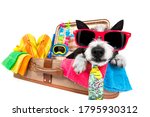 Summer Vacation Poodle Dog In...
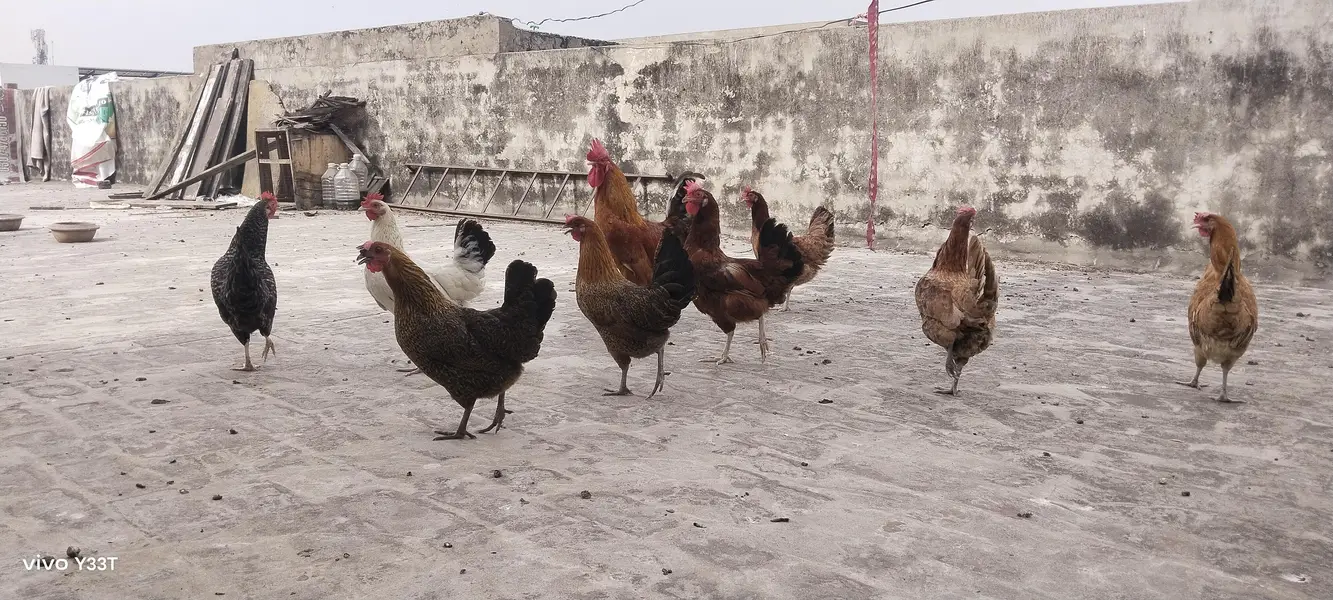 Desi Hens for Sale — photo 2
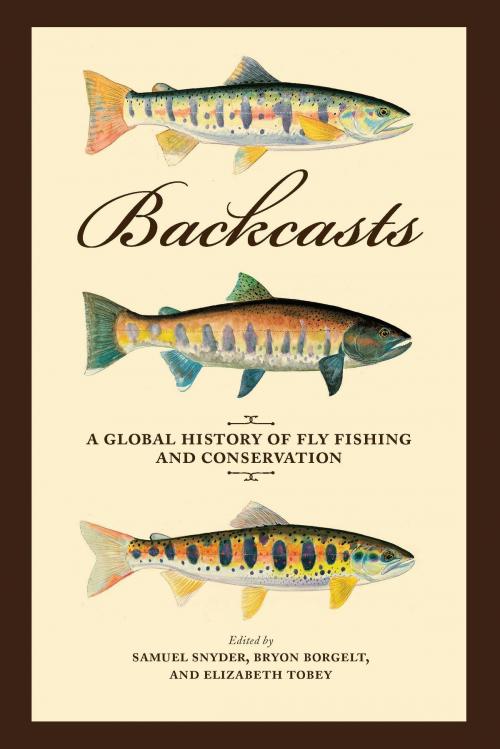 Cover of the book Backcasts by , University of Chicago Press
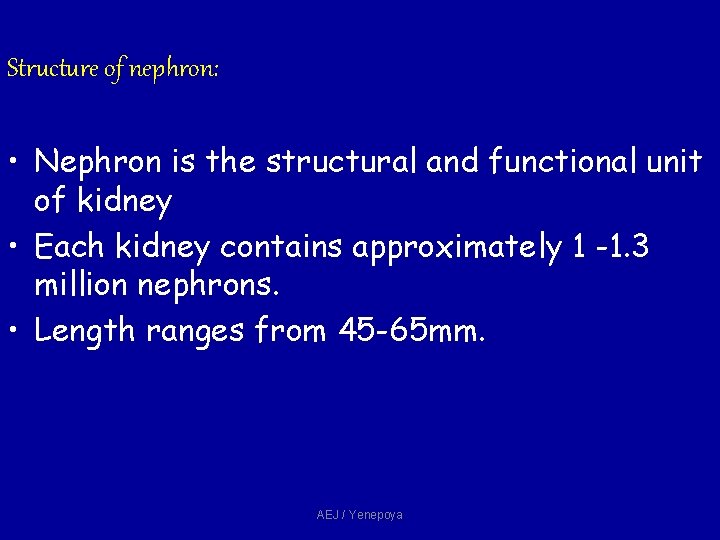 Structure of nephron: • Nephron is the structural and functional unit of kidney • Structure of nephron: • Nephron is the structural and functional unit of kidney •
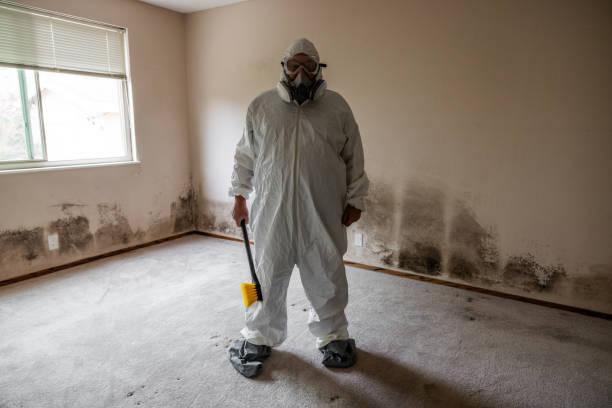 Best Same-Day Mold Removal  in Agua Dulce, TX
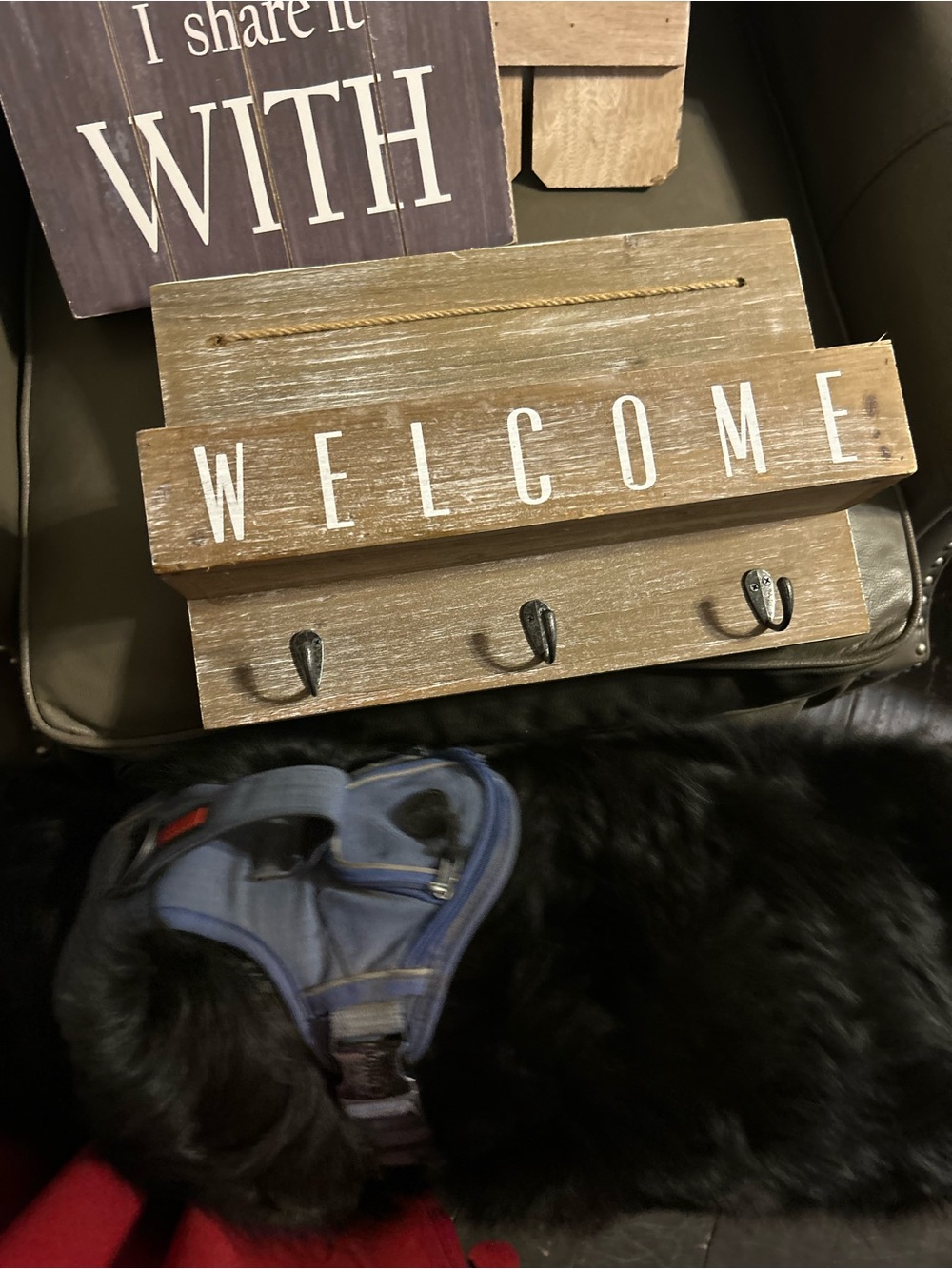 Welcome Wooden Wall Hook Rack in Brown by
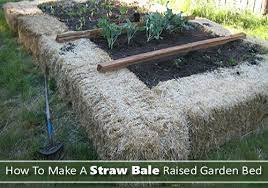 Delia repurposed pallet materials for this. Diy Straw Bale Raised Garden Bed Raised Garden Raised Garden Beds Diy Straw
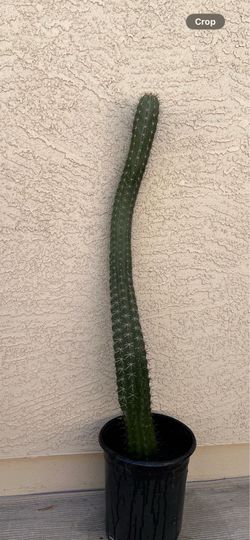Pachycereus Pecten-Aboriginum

* _EXERCISE DETAILS_
Begin with the line containing "Welcome Wooden Wall Hook Rack in Brown by" and end with the last line of the material above; return exactly those lines, both ends included, and omit all pictures.

* _RESPONSE BOX_
 Welcome Wooden Wall Hook Rack in Brown by
 Delia repurposed pallet materials for this. Diy Straw Bale Raised Garden Bed Raised Garden Raised Garden Beds Diy Straw
Pachycereus Pecten-Aboriginum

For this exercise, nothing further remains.